Dennis was so much more than hired help for the Wagners. They offered him Splendour as his home. They invited him to their family parties and barbecues. He had an anytime-open-door-welcome at the Wagner home. He was Natalie's confidant on private outings, her partner in fun for goofing around on playful outings, and an assistant who would do anything for her. Dennis was a close, trusted family friend, an "Uncle Dennis" to Natalie's daughters. Dennis is the man who slept in Natalie Wood's final bed with her, as her friend and "protector" -- Dennis went to dinner with RJ, Natalie and Christopher Walken because Dennis was considered a friend, not an employee. Dennis loved Natalie Wood as a dear friend. 

I know how Natalie felt having Dennis as a friend. I know because I have such a close friendship with Dennis myself. I know what Natalie saw in him, what about him would have made her smile, made her upset, or what made her enjoy Dennis's company. He's a lucky man to have had such a close friendship with thee Natalie Wood!  But Natalie was also fortunate to have had such a caring friend in Dennis.


  1. What a wonderful story to tell us, the part about all the publishers is very sad and scary, but you both showed them and I for one am grateful you did. Thanks for sharing always. Pam

  2. Pam,
    Thanks for your comment. When I think about how Wagner played-down Dennis's relationship with the family, I become so angered. In Lambert's book Wagner tried to whitewash Dennis's relationship with the family, insinuating that Dennis and others read too much into Natalie's kindness toward them, that she really didn't know them all that well. Would Natalie have allowed Dennis to remain in her room at the Pavillion on Friday night of that cruise if she did not KNOW him through and through? I highly doubt it. Their friendship was close enough that she was not concerned one bit of Dennis's trust and loyalty. Lambert really goes after Lana and Dennis in his book, calling them "the special cases" who believed Natalie cared more for them than she actually did. Lana is her sister! GNGS is only the beginning of what is coming by way of justice for Natalie! Dennis is a courageous person, too.

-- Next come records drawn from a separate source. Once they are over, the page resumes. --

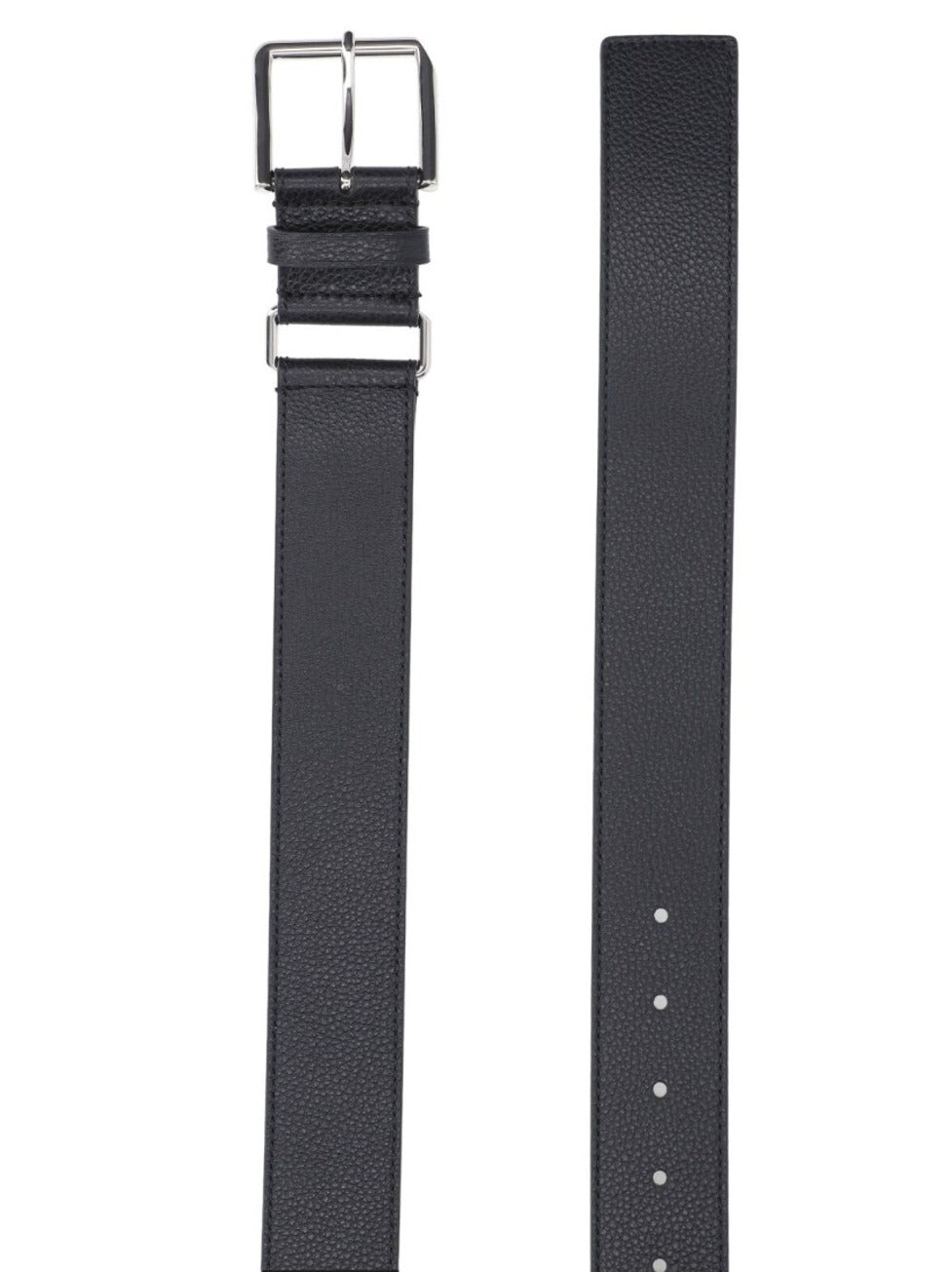 Textured Leather Belt With Adjustable Silver-Tone Buckle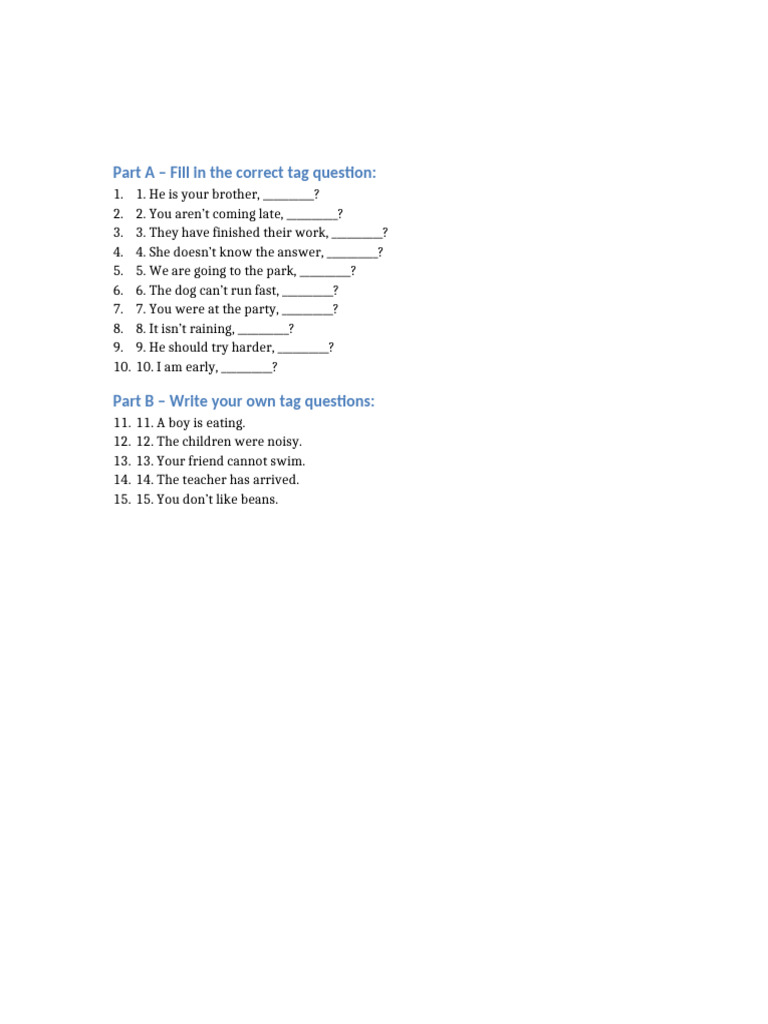 Tag Questions Practice Exercises | PDF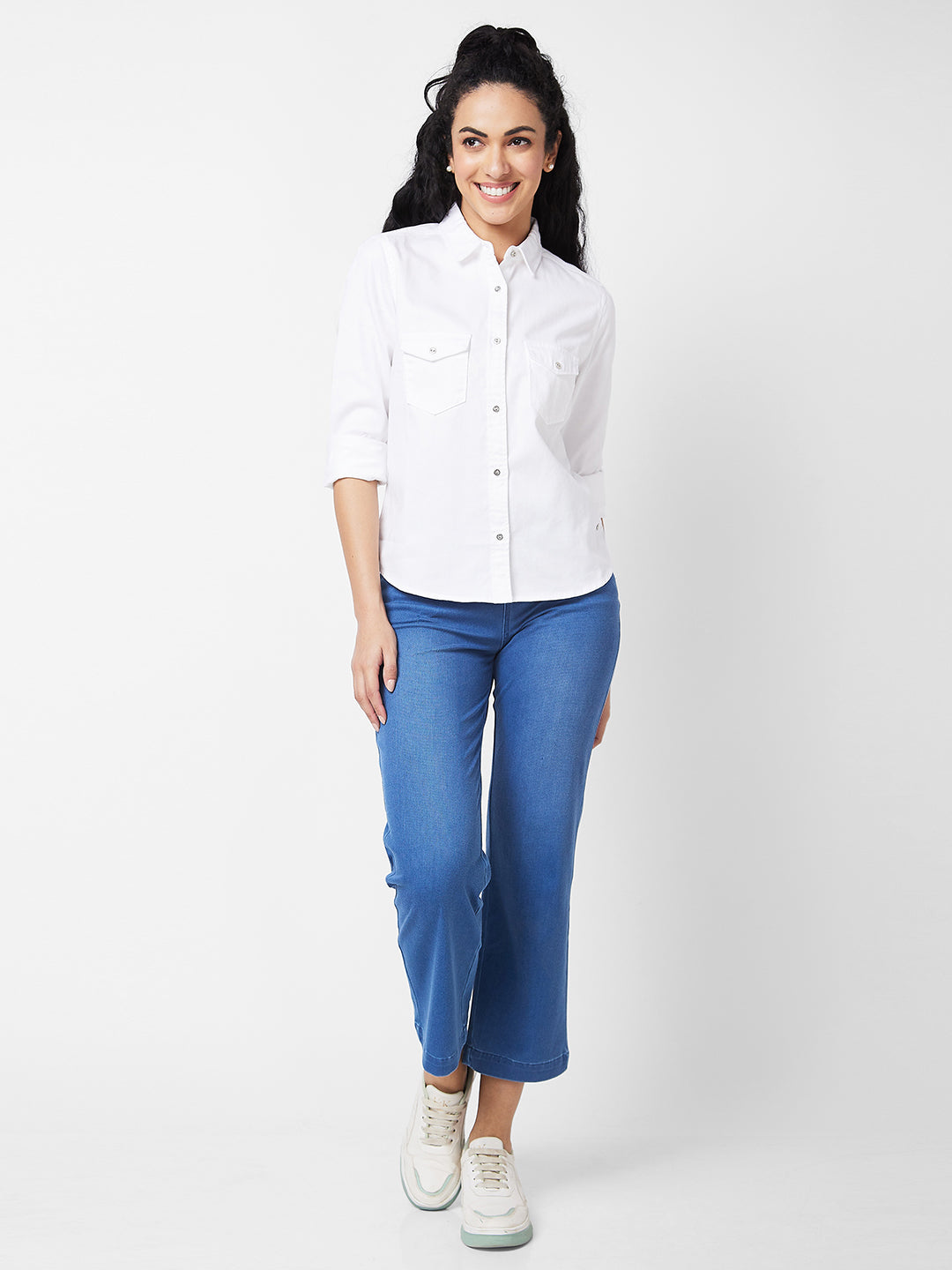 Spykar Ecru Indigo Shirt For Women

  3. Dennis looks like a psychiatrist in this picture (Dr. Freud).

  4. LOL, I had the same thought, Kevin.

  5. LOL, he'll get a kick out of that! It had been a long day that day. When meeting with the final publisher in the evening, we had the scare of a lifetime. We got up around 6 AM that morning, had breakfast with our NY agent (who had once been an executive at St. Martin's), Jay Actin, and we had to take a taxi at 6 PM through the city to Gramercy Park Hotel for the St. Martin's meeting. The ride was horrendous at that time of day and our taxi driver was scaring the living daylights out of us. I remember Jay sharing something he recalled about his late friend, Christa McAuliffe, just before she was to leave on her Challenger shuttle disaster Jay had asked her if she was nervous or scared, and she had answered, "No, I'm more afraid every time I step into a New York City cab."

    We had a drink at the bar waiting for St. Martin's editors. At dinner that night we drank champagne and wine after being up for over 15 hours. We wanted to do something fun before Den would fly out early the next morning. The horse carriage ride through the park was senseless at night, but now I can get another laugh out of it when I call Dennis and say, "Hello, Dr. Freud..."

  6. Great story. :-) Interesting insight into the culture of publishing houses. I'm surprised that no one has wanted to touch this story -- it's not like RJ is a tycoon or a legendary screen presence.